What the exercise asks —
Copy exactly. Include the line containing "Siêu hiếm tại", every line after it, and the last line below, but no pictures.

*** Opening Stored data ***

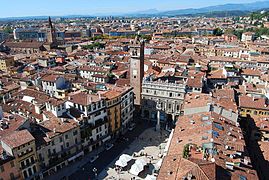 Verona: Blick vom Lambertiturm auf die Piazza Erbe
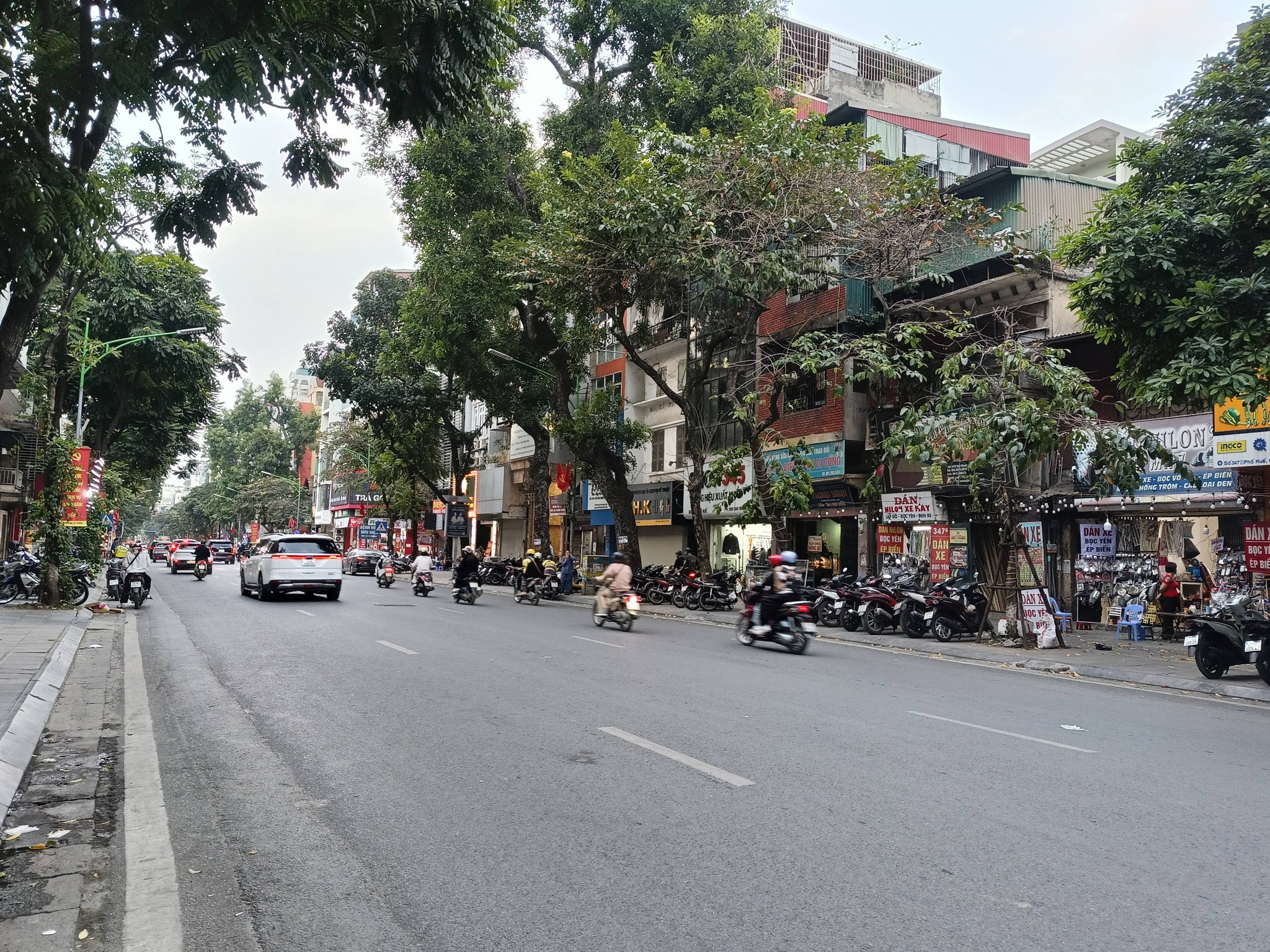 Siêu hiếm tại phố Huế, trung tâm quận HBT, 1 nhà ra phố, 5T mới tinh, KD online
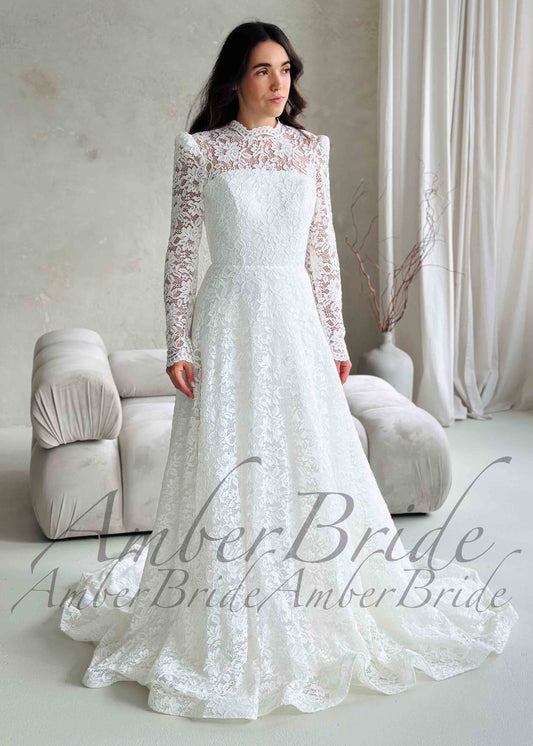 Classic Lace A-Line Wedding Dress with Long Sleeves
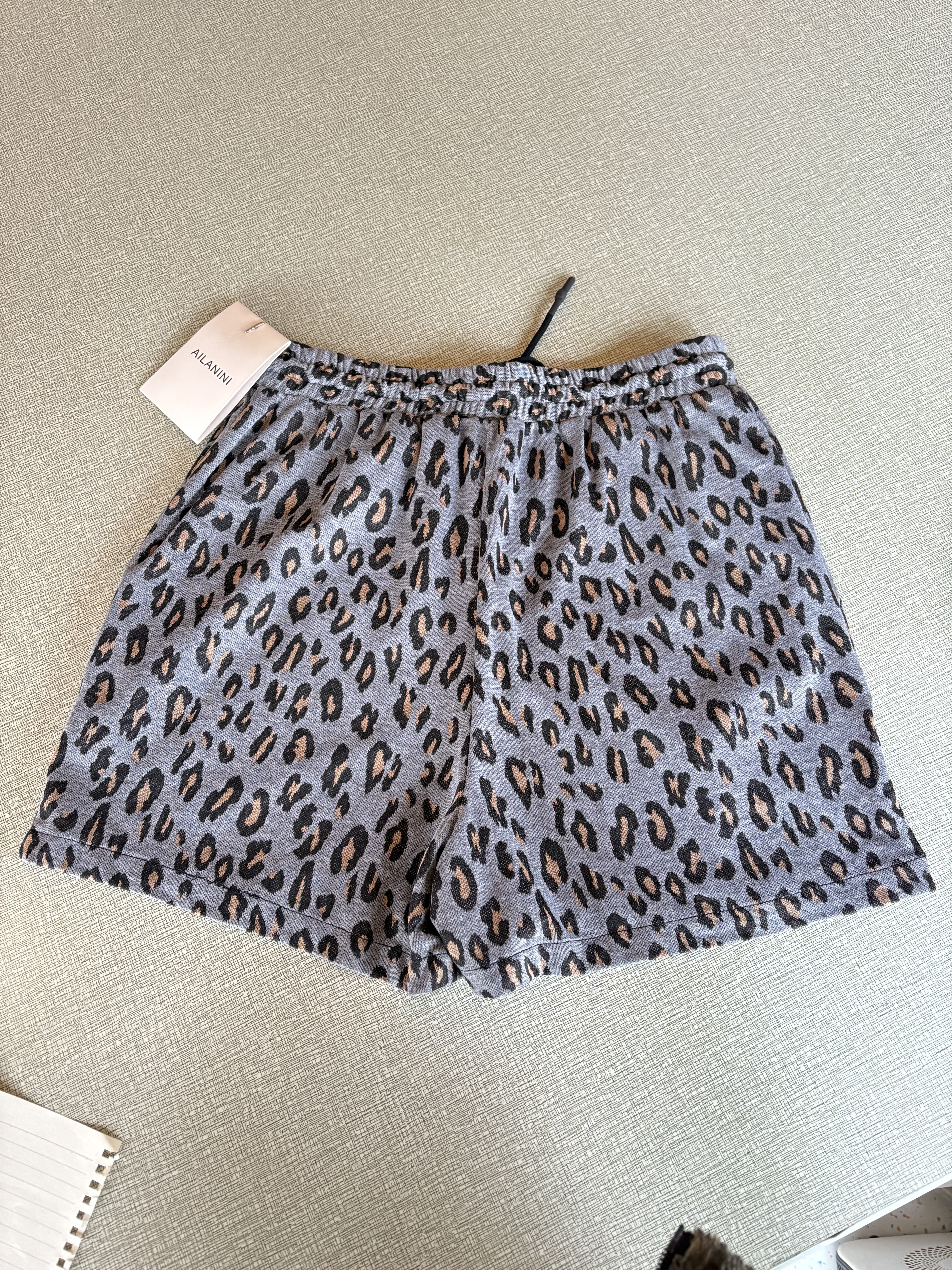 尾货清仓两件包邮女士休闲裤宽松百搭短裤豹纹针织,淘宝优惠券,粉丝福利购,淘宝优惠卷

*** Closing Stored data ***

Result of this task —
 Siêu hiếm tại phố Huế, trung tâm quận HBT, 1 nhà ra phố, 5T mới tinh, KD online
 Classic Lace A-Line Wedding Dress with Long Sleeves
 尾货清仓两件包邮女士休闲裤宽松百搭短裤豹纹针织,淘宝优惠券,粉丝福利购,淘宝优惠卷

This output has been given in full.